Двери находились только в конце: одна прямо и две по бокам, и я быстро пошёл по коридору. На всех трёх виднелись таблички: издали я не мог разобраться в их смысле, и пришлось идти до самого конца, и уже стоя рядом я определил назначение помещений: справа находилась касса, а слева бухгалтерия, за дверями которой раздавались непонятные звуки; прямо напротив в нескольких метрах находился кабинет директора, однако главной надписи – ради которой я пробирался сюда – видно не было.
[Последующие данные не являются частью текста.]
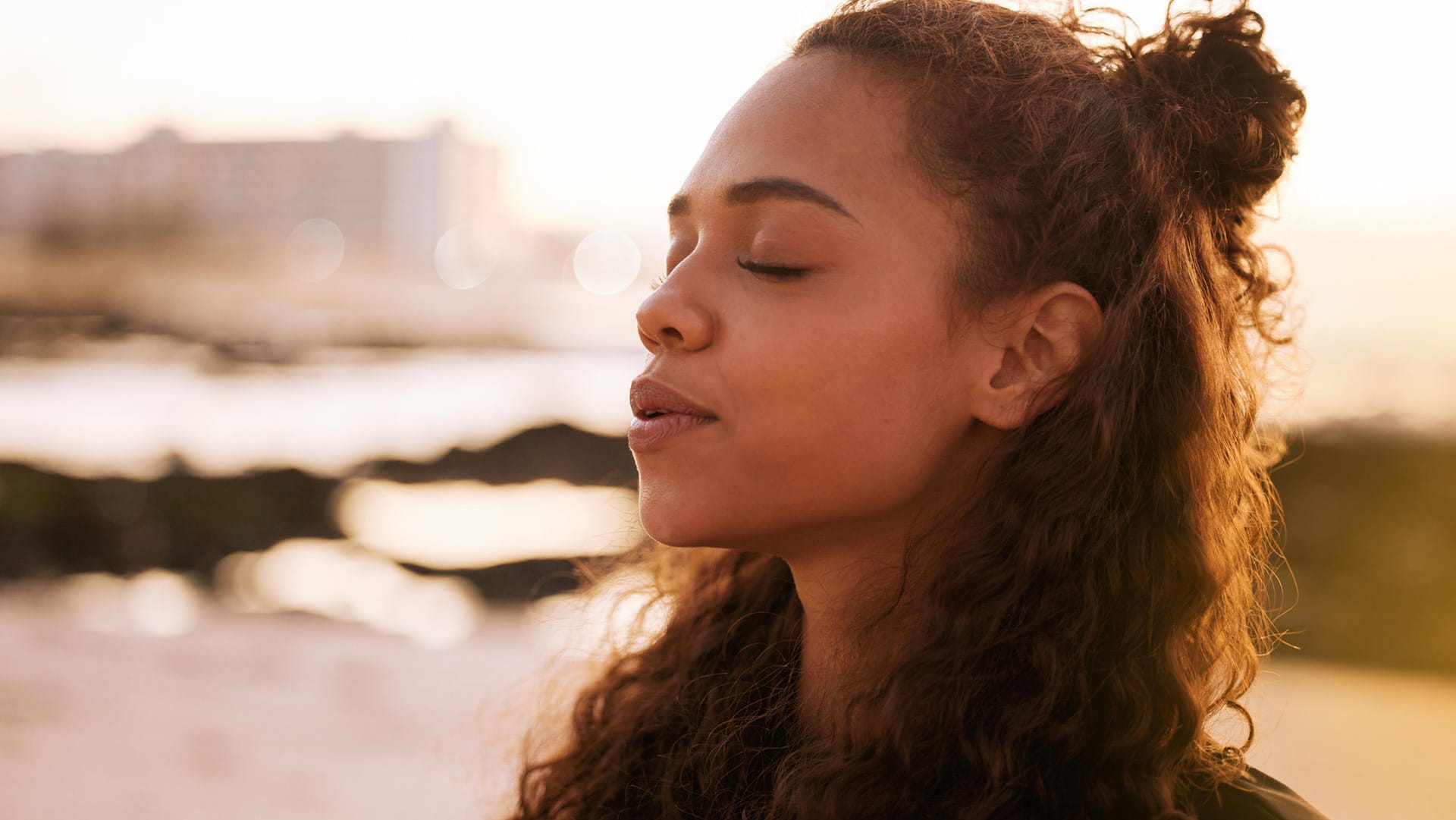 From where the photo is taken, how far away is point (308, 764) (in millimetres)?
4410

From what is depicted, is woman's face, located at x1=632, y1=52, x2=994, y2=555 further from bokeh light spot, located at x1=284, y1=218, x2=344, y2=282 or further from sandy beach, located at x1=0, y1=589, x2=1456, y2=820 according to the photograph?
bokeh light spot, located at x1=284, y1=218, x2=344, y2=282

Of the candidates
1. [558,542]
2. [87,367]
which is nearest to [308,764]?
[558,542]

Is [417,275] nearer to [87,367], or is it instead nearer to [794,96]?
[87,367]

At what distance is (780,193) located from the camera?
4.81 ft

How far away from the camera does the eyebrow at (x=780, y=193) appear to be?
1.45 meters

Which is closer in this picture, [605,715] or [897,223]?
[897,223]

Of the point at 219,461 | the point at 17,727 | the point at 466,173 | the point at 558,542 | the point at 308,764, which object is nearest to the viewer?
the point at 308,764

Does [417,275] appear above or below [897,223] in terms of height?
below

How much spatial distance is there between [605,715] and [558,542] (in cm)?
529

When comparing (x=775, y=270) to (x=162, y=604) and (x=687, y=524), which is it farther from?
(x=162, y=604)

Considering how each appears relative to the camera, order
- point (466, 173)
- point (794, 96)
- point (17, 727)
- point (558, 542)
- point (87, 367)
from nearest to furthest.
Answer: point (794, 96), point (17, 727), point (558, 542), point (87, 367), point (466, 173)

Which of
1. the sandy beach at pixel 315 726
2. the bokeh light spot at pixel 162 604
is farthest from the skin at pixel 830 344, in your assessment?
the bokeh light spot at pixel 162 604

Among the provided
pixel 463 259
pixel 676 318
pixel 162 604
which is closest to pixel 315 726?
pixel 162 604

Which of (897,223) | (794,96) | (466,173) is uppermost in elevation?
(794,96)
Вполне возможно, я пошёл не той дорогой, но раз уж меня занесло к руководству театра, стоило попробовать копнуть и тут: наверняка же здесь не были безучастны к жизни и судьбе своего лучшего актёра?
Идти в дверь с надписью «касса» казалось нежелательно: неизвестно, как ко мне отнеслись бы там, учитывая общую атмосферу: меня ещё могли бы заподозрить в том, к чему я не имел никакого отношения, и я аккуратно постучал в дверь напротив. Возможно, меня не услышали: шум не прекратился, и я приоткрыл дверцу; гудение уменьшилось, но особой реакции я не заметил, и тогда я совсем отставил дверь в сторону, чтобы сразу увидеть всё происходящее.